This all happened in a context of growing dominance for the labor movement’s parliamentary wing — the social democratic SAP. In 1920, it formed its first one-party government. The first years of the SAP’s long reign were characterized by ideological debate on the issue of the abolition of private property and ways to go about socializing the economy. Socialization — and not nationalization — was the preferred method for these early Social Democrats, who quickly established an official “Socialization Committee.” This committee’s two decades of work from 1920 to 1941, however, wound up presenting “lame recommendations’’ that “disappointed its supporters and delighted its bourgeois critics.”

Nevertheless, the extraparliamentary forms of organizing for creating more housing would also influence the Social Democrats’ approach to socialization. This meant favoring “more syndicalist forms of organization, cooperatives, and sometimes the extension of public control without ownership.” This approach was meant to formalize what longtime finance minister Ernst Wigforss termed “public enterprises without owners” (samhällsföretag utan ägare). These would operate as public foundations, pay fixed interests on loans, not issue shares, be run by industrial democracy, and have consumer representation — meaning “public enterprise as being distinct from state bureaucracy.”

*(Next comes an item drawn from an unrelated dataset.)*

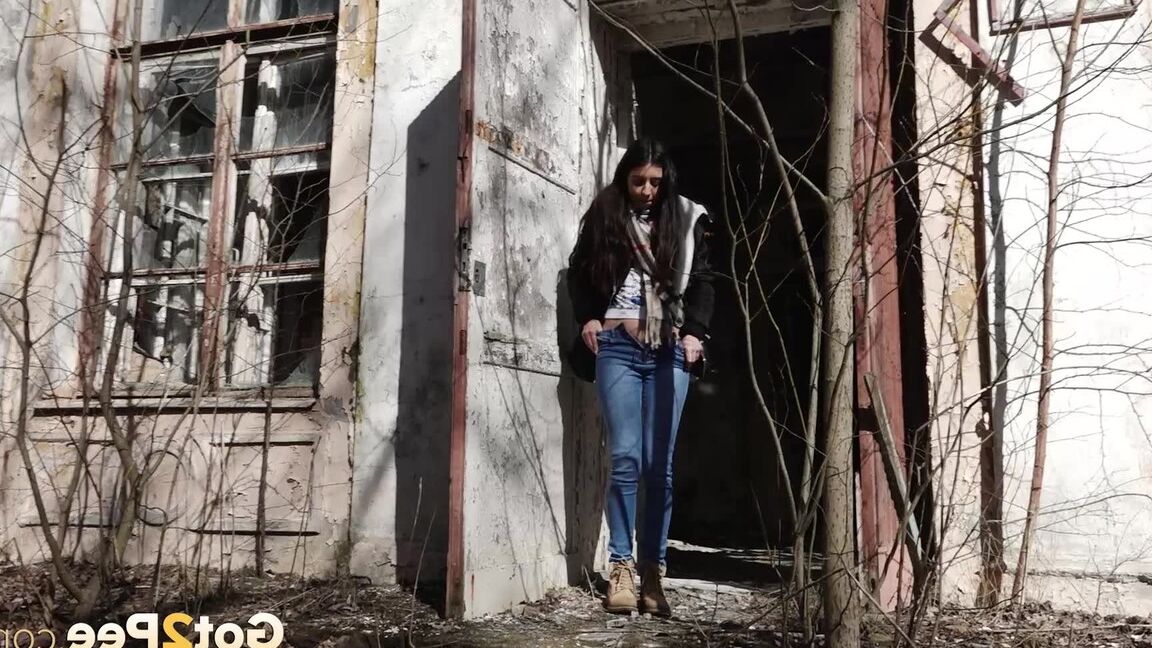15P Clothed girl Katya pulls down her blue jeans to pee by an abandoned building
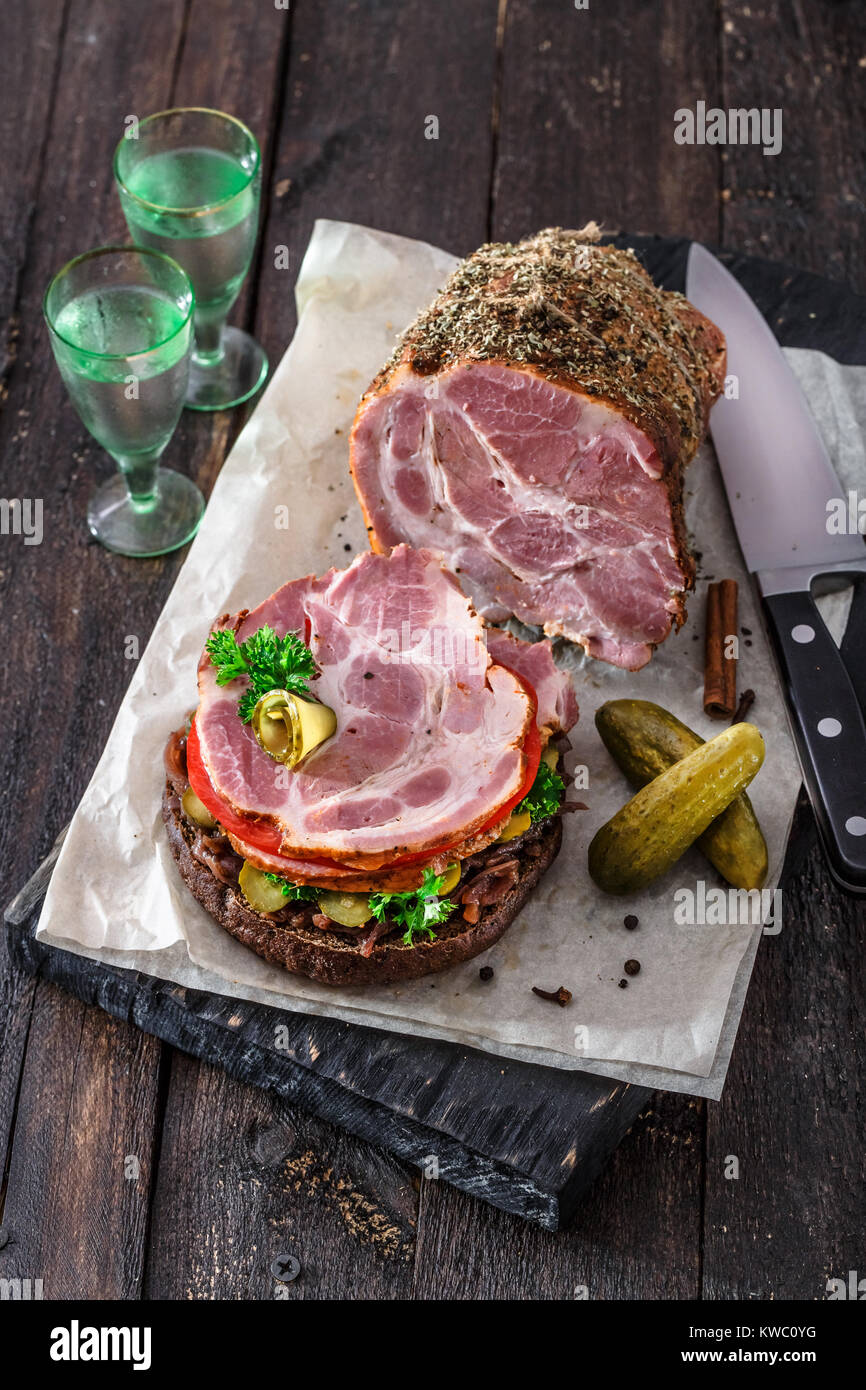 Opened homemade sandwich with smoked meat, tomato, onion jam and ico cold vodka Stock Photo Alamy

Still today, 20 percent of Swedes technically live in a cooperative, run and managed by the people who live there. This form of housing, which fundamentally altered the mode of house construction and provision in Sweden — launched by labor and tenant organizing and institutionally backed by the Social Democratic state for almost a century — is, however, more akin to the condominium than the “public enterprise” it once was.

In 1934, the Social Democratic government ordered a major, parallel commission on housing, with the aim of developing long-term solutions and institutional reform to support housing provision. Their work continued for fourteen years, during which a series of reports that became legislation were published. In 1942, parliament passed a major rent reform shaped by the demands of organized labor and tenants, and tenant unions grew stronger over the decades that followed.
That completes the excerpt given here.